Glitterbomb #1
Release Date: September 7, 2016
Story: Jim Zub
Art: Djibril Morissette-Phan
Coloring: K. Michael Russell
Letters: Marshall Dillon
Publisher: Image Comics, Inc.

DISCLAIMER: Some light spoilers included below.

Amazon Summary/Teaser
Farrah Durante is a middle-aged actress hunting for her next gig in an industry where youth trumps experience. Her frustrations become an emotional lure for something horrifying out beyond the water… something ready to exact revenge on the shallow celebrity-obsessed culture that’s led her astray. Fan-favorite JIM ZUB (WAYWARD, Thunderbolts) and newcomer DJIBRIL MORISSETTE-PHAN tear into the heart of Hollywood in GLITTERBOMB, a dramatic horror story about fame and failure. “A gut-punch of glitz and blood and starf**ked culture. You want to read this.”—Chuck Wendig (Blackbirds)

Michelle’s Rating: 8.5/10
A gloriously terrifying collision between sane, everyday life and boundless terror tentacles utilized to manage overcoming even the smallest of life’s predations. Curiously, darkly driven and solidly written. The art is divinely edgy and mesmerizing.

Storyline and Writing

The ferocity of this story storms the pages straight out of the gate. Farrah seeks employment in small acting roles for standard, family-driven reasons. However normal these reasons are and however normal Farrah may appear, lethal tentacles erupting from a mouth and impaling the skull of those standing in the way of the woman getting to those family-driven means is… well, far less than normal.

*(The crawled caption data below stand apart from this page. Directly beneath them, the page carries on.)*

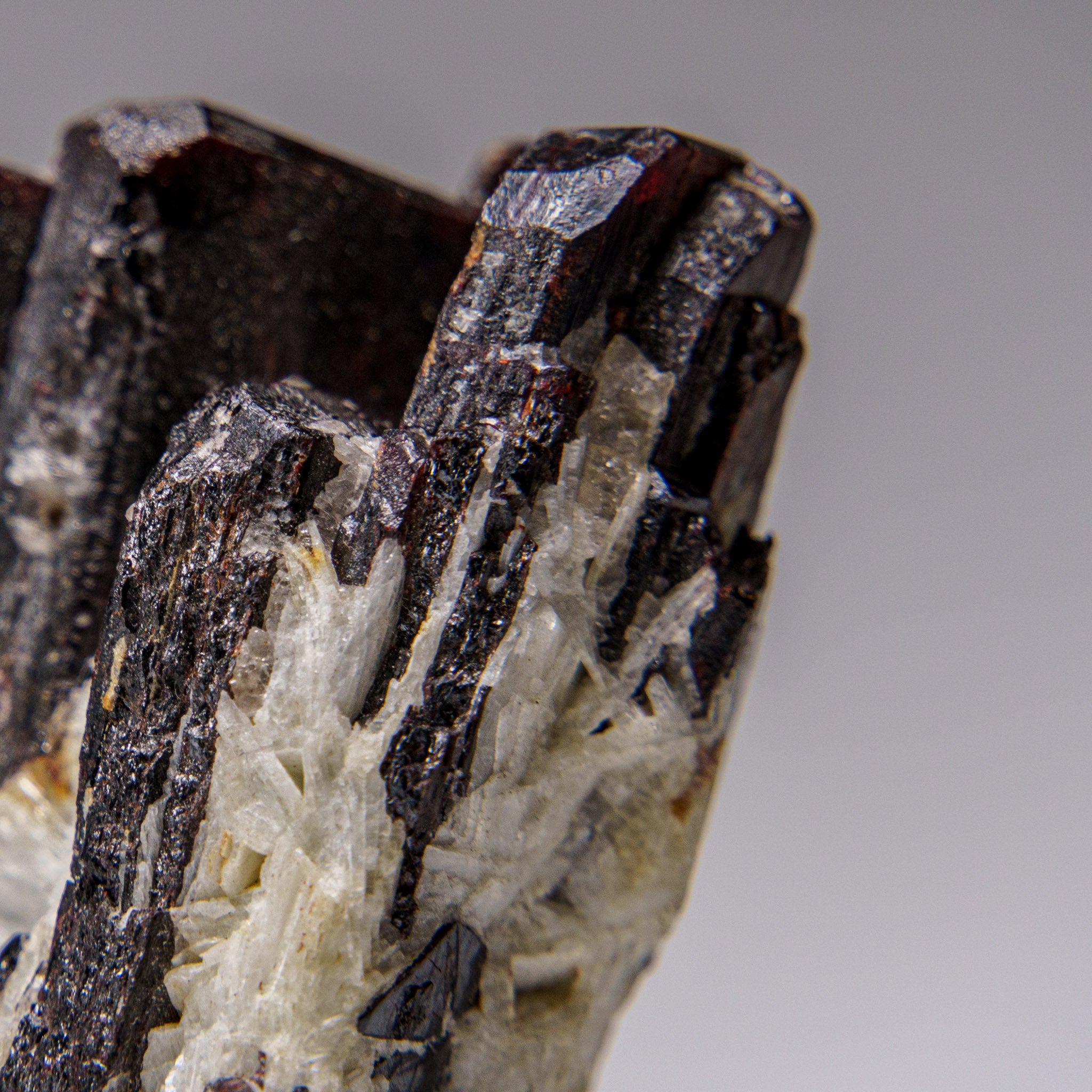 Hubnerite with Quartz Pasto Bueno, Pallasca Province, Ancash Dept., Peru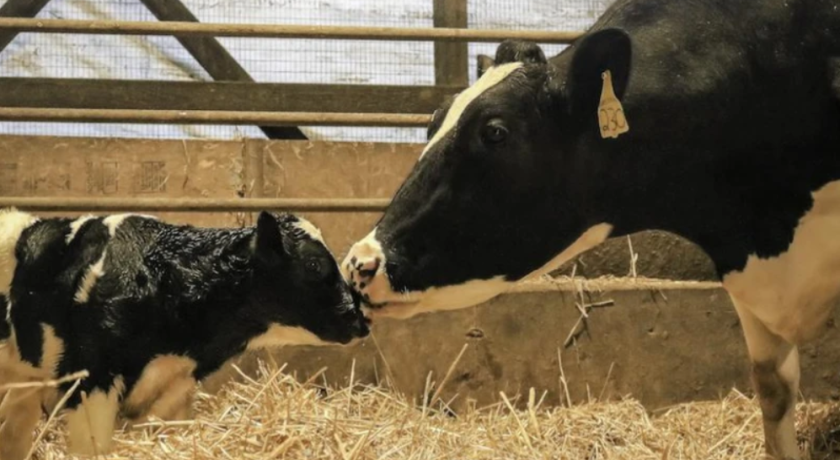 Manter o bezerro com a vaca por alguns dias: risco ou prática possível?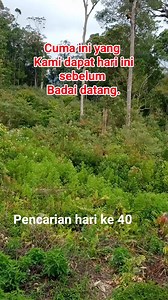 2.6M views · 10K reactions | Suara kayu dipukul- pukul.sebenarnys itu Suara gangguan mahluk halus. Atau cuma suara alam biasa? Kisah di #pencarianwira | Iwan Ichwan | Facebook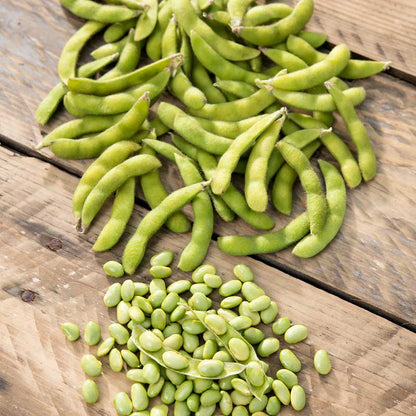 A close-up of harvested edamame pods, some shelled, against a natural background. | copyright: Floramedia UK Ltd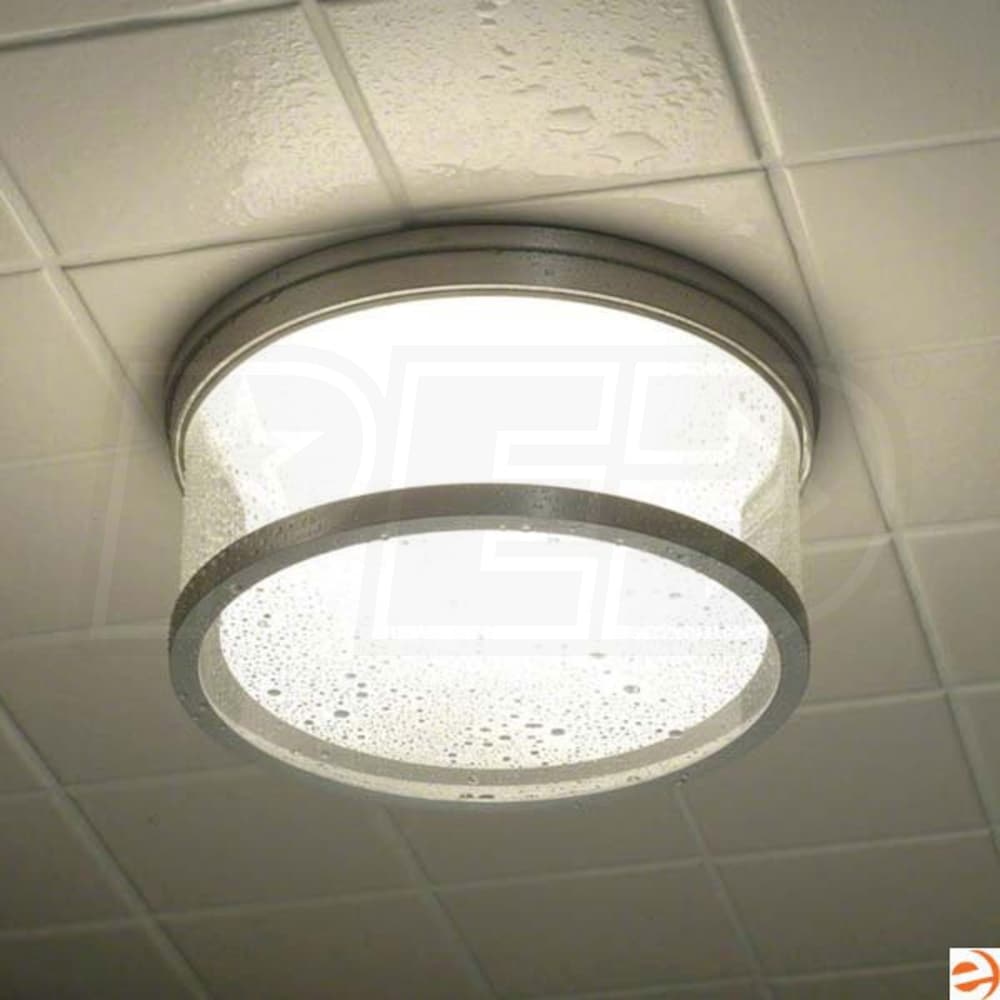 Mr. Steam MS LIGHT ORB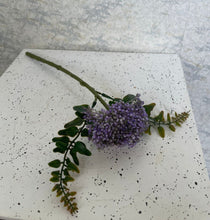 Load image into Gallery viewer, Throat Wort Flower (H:29cm)
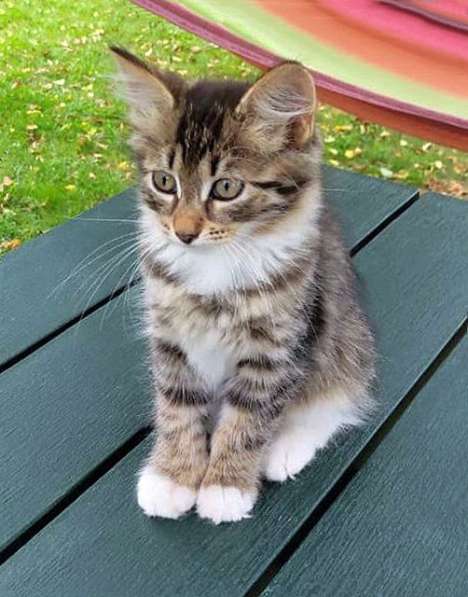 Бесподобный полосатый крошка-котенок Милашка в добрые руки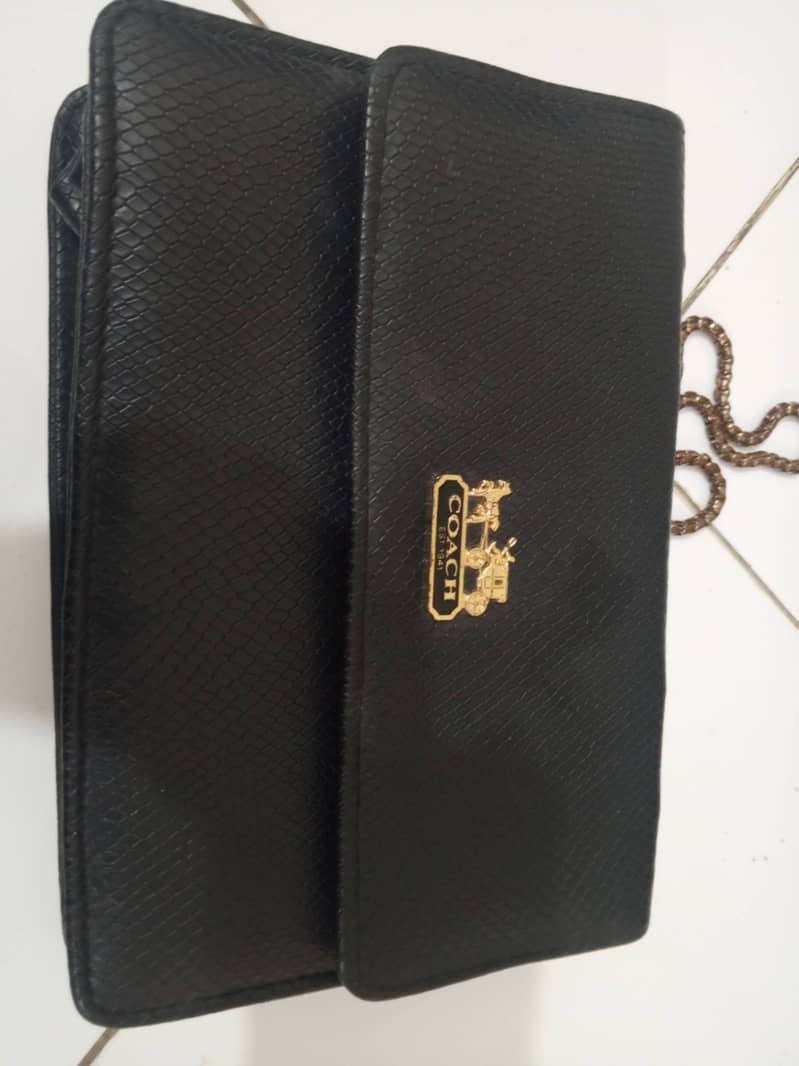 Coach Bag 1
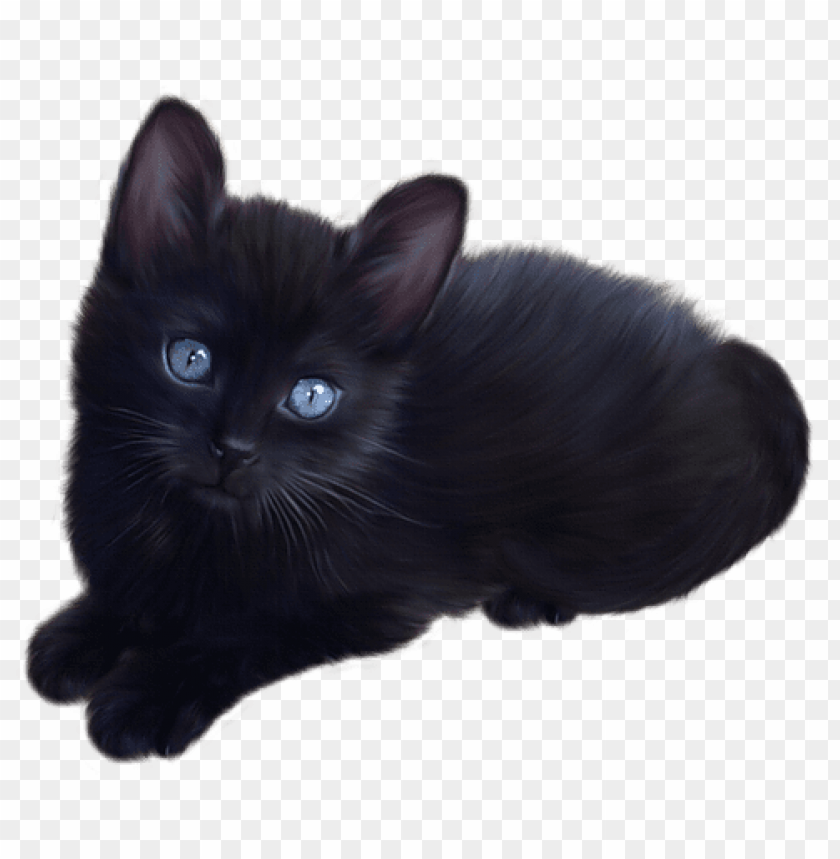 black cat, fluffy fur, pet companionship, cute animals, domestic feline, playful kitten, soft ears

While reality remains an intact, accessible concept, Zub stretches the boundaries of the norm uncomfortably but beautifully. The revelation of how this “gift” is transposed is still vague and unclear this early in the series but appears to be somehow connected to prior ocean experiences.

Uh, stay out of the oceans if you don’t want stabby tentacles, I guess, kids?

I highly recommend reading the piece at the end of the comic titled “An Oscar Winner Bullied Me So Badly that I Quit the Film Industry” by Holly Raychelle Hughes. The piece is sculpted in an easy flow and is revelatory regarding misogyny and bullshit tragically highlighted by working in films.

Illustration, Art, and Coloring

New-to-the-scene artist Djibril Morissette-Phan is morbidly gifted. Horror and fantasy comics have needed his contributions. His talents are a sharp, electrical arc setting a uniquely characterized stage that, with even, steady coloring (normal day-to-day life colors to appropriately large incorporations of dark variations) by K. Michael Russell, ignites an explosive comic.

The first issue of Glitterbomb is available now online and in your local comic store.  The second issue is available October 12th, 2016.
*Advance review copy provided for review by the publisher, Image Comics.